Bron luchtfoto: ansichtkaartenvandezeebodem.nl

Architect

Marten Zwaagstra werd op 15 augustus 1895 in het Friese Mildam geboren. Zijn vader was boer en dorpstimmerman. Marten moest meehelpen op het boerenbedrijf maar was meer geïnteresseerd in timmerwerk. Zodra het kon ging hij naar de net geopende ambachtsschool in Heerenveen en deed er ook nog de toen bestaande zogenaamde avondtekenschool bij. Marten stond 's morgens om 5 uur op, ging de koeien melken en liep vervolgens ruim 10 km naar Heerenveen. Tegen middernacht kwam hij weer thuis. In 1912 haalde hij van beide opleidingen zijn diploma. Na de militaire dienst studeerde hij aan de MTS in Leeuwarden waar hij in 1920 het diploma Bouwkunde behaalde en drie jaar later studeerde hij af aan de afdeling Weg- en Waterbouw van de Technische Hogeschool in Delft. In 1928 treedt hij in dienst bij de Gemeentelijke Dienst voor Bouw-en Woningtoezicht in Den Haag als Hoofdinspecteur-Constructeur. Na de Tweede Wereldoorlog verliet hij de overheidsdienst en begon in 1946 een eigen architectenbureau.

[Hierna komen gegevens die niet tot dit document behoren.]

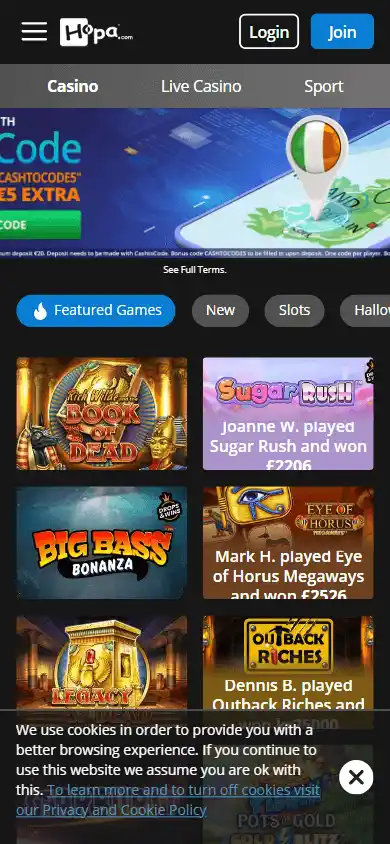 Hopa Casino Review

Architect Zwaagstra, die pionier was in het werken met gewapend beton, kreeg diverse patenten voor betonconstructie’s t.b.v. de woningbouw. Samen met Schokbeton richtte hij de N.V. Raatbouw op. Het raatbouwsysteem bleek succesvol. In 1950 werd op het terrein van N.V. Schokbeton in Kampen binnen 17 dagen een experimentele woning gebouwd volgens het raatbouwsysteem. Dat maakte kennelijk indruk op de Genie die was ingeschakeld voor de bouwkundige zaken van de KLD.  In opdracht van het toenmalig Ministerie van Oorlog maakte Marten Zwaagstra vervolgens het standaardontwerp van de luchtwachttorens die in Nederland zijn gebouwd. De torens zijn opgetrokken uit transparante 'prefab' betonelementen volgens het 'raatsysteem'. De productie en de constructie van de luchtwachttorens werden uitbesteed aan de firma N.V. Schokbeton in Kampen, die kans zag om binnen tien maanden 1.500 meter toren af te leveren.

Van 1956 tot 1958 werd de Frisoflat in Voorschoten gebouwd naar een ontwerp van Zwaagstra. Het flatgebouw is een voorbeeld van een skeletbouw als draagconstructie, met daartussen vulwanden van drijfsteen. 

Op 31 juli 1988 overleed Zwaagstra op 93- jarige leeftijd in Katwijk aan Zee.